DAYS 11-15 (DECEMBER 3-7)
Not going to say too much here as we will be in a pattern that may have more Pacific jet energy here and timing impossible to pin down so far in advance. Will fine-tune this going forward.

Wednesday Forecast

7:47AM

DAYS 1-5 (NOVEMBER 22-26)
Discussion…
Well so much for my “no travel trouble” a few days ago regarding today. Sometimes they just don’t work out so well. What I thought would be an area of rain largely offshore and a front with very little precipitation on it turns out to be that front helping to squeeze the atmosphere as a tongue of tropical moisture moves northward into southeastern New England on this day before Thanksgiving, resulting in widespread rain. So travel will be slow around the area today, though improvement will arrive at the end of the day and we’re still looking at a dry but chilly Thanksgiving Day as high pressure moves in. This will hang on through Friday as it stands now though some cloudiness is still expected as it starts to warm, first aloft, then at the surface, which will be much more notable by Saturday as we will be in the southwesterly air flow ahead of a cold front. This front will come through Saturday night when a few rain showers may occur. And as cold air flows in and an upper disturbance crosses the region Sunday a few snow showers may occur.
Detailed forecast…
TODAY: Overcast with rain and embedded downpours and thunder especially southeastern MA and RI, diminishing toward dusk when clouds may break. Highs 46-53. Wind light S to SW becoming NW and increasing to 10-20 MPH late day.
TONIGHT: Clearing. Watch for patchy ice where the ground does not dry. Lows 25-31. Wind NW 10-20 MPH, diminishing toward dawn.
THURSDAY – THANKSGIVING: Mostly sunny. Highs 38-45. Wind light W.
THURSDAY NIGHT: Increasing clouds. Lows 22-30. Wind light W.
FRIDAY: Variably cloudy. Highs 40-47. Wind light W.
SATURDAY: Partly sunny. Chance of rain showers late day or evening. Lows in the 30s. Highs in the 50s.
SUNDAY: Partly sunny. Chance of snow showers. Temperatures fall to the 30s.

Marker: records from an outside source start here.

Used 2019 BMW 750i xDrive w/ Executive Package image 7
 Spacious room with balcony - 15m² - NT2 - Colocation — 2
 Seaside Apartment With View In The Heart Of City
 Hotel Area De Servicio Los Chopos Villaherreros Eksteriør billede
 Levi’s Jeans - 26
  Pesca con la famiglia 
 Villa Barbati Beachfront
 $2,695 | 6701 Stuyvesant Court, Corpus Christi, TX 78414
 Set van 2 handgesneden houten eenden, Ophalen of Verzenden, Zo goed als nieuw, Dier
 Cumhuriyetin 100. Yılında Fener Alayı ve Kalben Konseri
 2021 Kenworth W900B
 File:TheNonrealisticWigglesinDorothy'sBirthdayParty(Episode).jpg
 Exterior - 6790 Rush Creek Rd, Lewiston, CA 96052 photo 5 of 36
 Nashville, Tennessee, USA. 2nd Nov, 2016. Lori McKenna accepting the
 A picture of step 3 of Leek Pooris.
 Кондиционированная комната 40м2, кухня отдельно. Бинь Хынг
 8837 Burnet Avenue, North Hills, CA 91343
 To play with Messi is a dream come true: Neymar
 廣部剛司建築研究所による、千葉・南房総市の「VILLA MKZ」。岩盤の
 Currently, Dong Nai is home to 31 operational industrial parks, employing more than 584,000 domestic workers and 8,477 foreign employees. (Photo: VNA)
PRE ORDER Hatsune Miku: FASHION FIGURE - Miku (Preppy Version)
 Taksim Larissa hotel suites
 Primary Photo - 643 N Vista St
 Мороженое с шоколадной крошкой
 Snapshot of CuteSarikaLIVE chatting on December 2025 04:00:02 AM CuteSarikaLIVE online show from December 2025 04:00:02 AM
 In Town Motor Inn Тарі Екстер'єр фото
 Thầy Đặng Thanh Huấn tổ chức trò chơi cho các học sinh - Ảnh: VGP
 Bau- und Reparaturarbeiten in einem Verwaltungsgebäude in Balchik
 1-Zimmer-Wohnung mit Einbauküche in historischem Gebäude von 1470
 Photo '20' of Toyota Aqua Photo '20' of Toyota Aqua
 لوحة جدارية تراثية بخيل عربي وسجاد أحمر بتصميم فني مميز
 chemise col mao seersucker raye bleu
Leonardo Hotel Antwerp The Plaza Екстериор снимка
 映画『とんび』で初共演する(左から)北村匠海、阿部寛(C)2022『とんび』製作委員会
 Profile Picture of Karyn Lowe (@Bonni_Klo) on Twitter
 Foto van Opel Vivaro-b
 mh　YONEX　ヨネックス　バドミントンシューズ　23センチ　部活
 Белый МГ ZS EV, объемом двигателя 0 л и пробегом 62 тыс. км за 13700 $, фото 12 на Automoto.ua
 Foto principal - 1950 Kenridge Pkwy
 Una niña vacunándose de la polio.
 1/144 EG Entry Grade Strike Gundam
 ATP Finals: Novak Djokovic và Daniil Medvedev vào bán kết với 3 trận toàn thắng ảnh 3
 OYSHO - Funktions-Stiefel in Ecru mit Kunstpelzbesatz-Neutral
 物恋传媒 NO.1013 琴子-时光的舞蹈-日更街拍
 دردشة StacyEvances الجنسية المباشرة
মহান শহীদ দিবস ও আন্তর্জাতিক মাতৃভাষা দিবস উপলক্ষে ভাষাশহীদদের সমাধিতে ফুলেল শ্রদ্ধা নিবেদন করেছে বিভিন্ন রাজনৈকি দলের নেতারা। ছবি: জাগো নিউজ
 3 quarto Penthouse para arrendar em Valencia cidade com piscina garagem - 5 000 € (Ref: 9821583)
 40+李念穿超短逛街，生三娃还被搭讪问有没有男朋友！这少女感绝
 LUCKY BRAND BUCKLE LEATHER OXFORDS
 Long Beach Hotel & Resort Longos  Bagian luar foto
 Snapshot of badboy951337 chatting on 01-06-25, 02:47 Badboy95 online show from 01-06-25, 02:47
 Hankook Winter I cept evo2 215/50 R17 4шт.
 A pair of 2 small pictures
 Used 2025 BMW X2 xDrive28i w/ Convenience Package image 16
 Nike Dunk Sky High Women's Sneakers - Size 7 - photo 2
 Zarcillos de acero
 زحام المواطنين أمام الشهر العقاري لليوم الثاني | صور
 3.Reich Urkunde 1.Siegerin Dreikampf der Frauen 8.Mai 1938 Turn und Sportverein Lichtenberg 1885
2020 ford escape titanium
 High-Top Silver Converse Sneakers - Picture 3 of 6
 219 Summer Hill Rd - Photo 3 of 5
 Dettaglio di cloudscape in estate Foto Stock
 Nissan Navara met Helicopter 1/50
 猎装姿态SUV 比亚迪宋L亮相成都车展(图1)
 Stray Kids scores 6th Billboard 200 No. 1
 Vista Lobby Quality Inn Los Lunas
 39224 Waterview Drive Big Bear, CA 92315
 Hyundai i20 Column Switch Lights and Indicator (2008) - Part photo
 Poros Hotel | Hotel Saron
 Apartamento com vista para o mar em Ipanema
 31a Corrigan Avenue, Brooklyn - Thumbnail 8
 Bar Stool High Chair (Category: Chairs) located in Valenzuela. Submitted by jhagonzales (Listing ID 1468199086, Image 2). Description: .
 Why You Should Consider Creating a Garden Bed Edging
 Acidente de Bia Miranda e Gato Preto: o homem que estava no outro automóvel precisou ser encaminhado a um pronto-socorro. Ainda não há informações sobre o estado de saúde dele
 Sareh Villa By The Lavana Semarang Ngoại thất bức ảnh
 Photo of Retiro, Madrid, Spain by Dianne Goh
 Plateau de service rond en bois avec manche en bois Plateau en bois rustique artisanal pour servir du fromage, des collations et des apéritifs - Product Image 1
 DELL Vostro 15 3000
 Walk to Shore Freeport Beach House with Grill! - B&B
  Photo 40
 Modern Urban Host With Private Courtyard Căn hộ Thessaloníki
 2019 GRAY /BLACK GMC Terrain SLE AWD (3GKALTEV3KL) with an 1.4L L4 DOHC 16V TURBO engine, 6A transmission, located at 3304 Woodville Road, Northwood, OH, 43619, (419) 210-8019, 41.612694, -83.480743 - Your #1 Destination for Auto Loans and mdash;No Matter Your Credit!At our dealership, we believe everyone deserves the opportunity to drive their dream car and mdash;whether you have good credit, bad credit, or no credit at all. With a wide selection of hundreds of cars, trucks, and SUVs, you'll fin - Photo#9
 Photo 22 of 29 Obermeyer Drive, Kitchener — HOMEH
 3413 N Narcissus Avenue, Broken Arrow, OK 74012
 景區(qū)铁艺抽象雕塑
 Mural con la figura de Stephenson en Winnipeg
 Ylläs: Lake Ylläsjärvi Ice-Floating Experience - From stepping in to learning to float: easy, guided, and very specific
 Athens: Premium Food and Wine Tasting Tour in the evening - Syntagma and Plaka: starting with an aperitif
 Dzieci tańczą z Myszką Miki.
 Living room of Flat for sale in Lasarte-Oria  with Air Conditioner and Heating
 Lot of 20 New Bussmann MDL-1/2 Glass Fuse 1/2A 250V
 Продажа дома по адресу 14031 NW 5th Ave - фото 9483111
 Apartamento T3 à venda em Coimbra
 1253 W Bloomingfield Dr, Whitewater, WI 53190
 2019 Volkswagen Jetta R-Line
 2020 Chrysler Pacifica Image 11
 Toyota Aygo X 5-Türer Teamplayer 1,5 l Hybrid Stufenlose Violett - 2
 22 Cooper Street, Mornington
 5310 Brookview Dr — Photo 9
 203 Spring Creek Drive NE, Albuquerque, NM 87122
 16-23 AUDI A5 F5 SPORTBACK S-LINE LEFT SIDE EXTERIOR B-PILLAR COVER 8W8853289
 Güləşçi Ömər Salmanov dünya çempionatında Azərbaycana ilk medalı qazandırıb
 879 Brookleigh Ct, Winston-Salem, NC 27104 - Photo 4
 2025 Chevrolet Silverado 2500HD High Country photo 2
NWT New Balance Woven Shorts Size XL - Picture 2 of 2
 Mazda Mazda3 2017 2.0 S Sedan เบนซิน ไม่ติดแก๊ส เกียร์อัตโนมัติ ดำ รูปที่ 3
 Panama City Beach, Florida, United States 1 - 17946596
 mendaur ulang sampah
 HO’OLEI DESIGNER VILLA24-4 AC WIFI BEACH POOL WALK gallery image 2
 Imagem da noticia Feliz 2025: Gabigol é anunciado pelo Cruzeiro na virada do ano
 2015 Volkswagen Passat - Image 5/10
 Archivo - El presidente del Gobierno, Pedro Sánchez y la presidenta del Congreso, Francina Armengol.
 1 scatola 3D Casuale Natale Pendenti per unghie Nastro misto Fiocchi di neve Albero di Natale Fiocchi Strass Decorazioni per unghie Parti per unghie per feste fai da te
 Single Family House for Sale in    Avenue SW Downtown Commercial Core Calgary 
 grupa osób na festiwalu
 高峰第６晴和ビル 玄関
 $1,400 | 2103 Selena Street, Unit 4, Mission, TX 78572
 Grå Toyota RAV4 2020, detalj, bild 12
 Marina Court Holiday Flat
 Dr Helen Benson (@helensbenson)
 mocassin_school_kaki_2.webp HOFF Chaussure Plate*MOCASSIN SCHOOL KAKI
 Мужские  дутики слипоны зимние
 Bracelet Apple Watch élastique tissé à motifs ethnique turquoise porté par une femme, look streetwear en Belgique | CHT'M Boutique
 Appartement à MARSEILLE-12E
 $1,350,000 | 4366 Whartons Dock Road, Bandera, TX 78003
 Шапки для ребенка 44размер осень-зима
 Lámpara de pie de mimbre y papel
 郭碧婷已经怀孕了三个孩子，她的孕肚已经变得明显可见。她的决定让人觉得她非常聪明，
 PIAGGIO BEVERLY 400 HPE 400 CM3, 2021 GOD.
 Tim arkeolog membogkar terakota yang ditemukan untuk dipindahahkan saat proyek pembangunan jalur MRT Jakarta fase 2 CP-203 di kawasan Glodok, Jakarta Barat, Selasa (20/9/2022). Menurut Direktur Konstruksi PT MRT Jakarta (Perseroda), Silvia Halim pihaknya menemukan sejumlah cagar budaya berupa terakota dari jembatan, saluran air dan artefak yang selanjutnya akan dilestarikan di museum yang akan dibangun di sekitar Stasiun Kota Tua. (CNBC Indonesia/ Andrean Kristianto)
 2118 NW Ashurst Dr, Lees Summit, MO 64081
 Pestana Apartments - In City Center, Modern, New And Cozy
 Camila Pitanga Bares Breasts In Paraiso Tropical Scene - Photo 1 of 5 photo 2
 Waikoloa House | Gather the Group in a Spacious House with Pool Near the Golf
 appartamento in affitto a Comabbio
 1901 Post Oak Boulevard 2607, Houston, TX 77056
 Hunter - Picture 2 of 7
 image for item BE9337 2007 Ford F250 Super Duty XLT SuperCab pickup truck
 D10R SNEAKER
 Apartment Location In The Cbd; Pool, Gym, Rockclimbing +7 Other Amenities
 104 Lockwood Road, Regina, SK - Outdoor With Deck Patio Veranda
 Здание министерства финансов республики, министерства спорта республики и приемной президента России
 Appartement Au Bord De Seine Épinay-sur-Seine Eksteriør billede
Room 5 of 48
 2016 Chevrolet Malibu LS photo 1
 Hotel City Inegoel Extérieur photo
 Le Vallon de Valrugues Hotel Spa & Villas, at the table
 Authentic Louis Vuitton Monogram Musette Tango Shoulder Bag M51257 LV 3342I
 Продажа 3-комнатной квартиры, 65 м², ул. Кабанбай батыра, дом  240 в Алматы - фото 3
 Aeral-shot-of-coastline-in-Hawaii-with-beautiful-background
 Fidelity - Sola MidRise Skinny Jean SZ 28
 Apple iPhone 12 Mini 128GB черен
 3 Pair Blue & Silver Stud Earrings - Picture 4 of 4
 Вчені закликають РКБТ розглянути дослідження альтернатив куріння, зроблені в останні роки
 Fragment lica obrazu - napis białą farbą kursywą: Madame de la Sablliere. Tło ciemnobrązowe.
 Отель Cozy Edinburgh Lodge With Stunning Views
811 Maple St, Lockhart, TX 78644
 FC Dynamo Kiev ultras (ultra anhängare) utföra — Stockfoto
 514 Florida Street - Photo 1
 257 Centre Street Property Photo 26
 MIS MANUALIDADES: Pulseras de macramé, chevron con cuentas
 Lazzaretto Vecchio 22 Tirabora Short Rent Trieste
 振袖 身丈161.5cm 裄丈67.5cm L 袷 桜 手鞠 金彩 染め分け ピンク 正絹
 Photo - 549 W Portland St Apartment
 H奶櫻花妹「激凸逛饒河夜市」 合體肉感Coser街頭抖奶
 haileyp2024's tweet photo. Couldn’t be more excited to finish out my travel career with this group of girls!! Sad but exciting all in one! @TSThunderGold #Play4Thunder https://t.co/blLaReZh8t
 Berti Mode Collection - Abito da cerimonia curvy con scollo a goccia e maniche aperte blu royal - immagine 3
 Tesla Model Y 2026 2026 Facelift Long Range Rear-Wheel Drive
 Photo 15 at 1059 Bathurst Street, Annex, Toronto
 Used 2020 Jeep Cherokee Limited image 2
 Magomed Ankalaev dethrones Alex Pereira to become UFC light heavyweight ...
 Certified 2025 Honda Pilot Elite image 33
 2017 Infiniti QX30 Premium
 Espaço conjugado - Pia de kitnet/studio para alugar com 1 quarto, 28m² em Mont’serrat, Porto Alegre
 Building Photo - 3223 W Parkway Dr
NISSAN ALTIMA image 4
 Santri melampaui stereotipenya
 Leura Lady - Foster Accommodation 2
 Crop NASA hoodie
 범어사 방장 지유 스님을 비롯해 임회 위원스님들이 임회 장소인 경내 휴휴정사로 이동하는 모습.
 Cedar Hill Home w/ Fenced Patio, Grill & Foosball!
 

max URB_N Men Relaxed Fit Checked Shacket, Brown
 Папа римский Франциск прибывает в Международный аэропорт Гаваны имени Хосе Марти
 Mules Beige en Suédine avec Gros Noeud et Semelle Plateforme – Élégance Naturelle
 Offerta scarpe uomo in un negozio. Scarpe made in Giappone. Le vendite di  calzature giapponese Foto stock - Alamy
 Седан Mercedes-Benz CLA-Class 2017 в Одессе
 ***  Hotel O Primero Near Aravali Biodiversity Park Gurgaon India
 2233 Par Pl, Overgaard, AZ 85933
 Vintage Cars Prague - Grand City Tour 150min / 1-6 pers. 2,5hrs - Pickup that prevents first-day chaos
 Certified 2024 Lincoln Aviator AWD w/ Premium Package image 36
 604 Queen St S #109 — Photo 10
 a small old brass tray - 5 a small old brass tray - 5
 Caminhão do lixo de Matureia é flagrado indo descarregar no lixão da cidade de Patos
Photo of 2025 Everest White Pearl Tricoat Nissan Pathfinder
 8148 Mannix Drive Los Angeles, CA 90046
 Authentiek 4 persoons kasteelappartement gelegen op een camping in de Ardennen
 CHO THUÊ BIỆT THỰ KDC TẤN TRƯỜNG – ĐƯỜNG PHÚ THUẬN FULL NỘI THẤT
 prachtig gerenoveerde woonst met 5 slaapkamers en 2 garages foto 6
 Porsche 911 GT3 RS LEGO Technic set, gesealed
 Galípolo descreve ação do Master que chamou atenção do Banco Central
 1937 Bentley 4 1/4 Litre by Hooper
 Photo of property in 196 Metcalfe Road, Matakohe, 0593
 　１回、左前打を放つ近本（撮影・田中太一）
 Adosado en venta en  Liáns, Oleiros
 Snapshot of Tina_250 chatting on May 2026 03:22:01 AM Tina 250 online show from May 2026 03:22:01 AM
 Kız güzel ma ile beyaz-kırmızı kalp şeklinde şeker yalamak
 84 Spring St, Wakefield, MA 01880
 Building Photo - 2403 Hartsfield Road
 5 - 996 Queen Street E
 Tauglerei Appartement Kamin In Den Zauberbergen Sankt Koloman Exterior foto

DAYS 6-10 (NOVEMBER 27-DECEMBER 1)
The tough that I thought may ignite a storm early in this period should be progressive enough to allow high pressure to move in with dry and cool weather November 27 and a milder November 28 ahead of the next cold front, which may bring a little bit of unsettled weather on November 29 or 30 with fair weather returning as December arrives.

DAYS 11-15 (DECEMBER 2-6)
Indications are for a progressive pattern, weak systems, and a couple air mass changes. Will work on the details as the days get closer.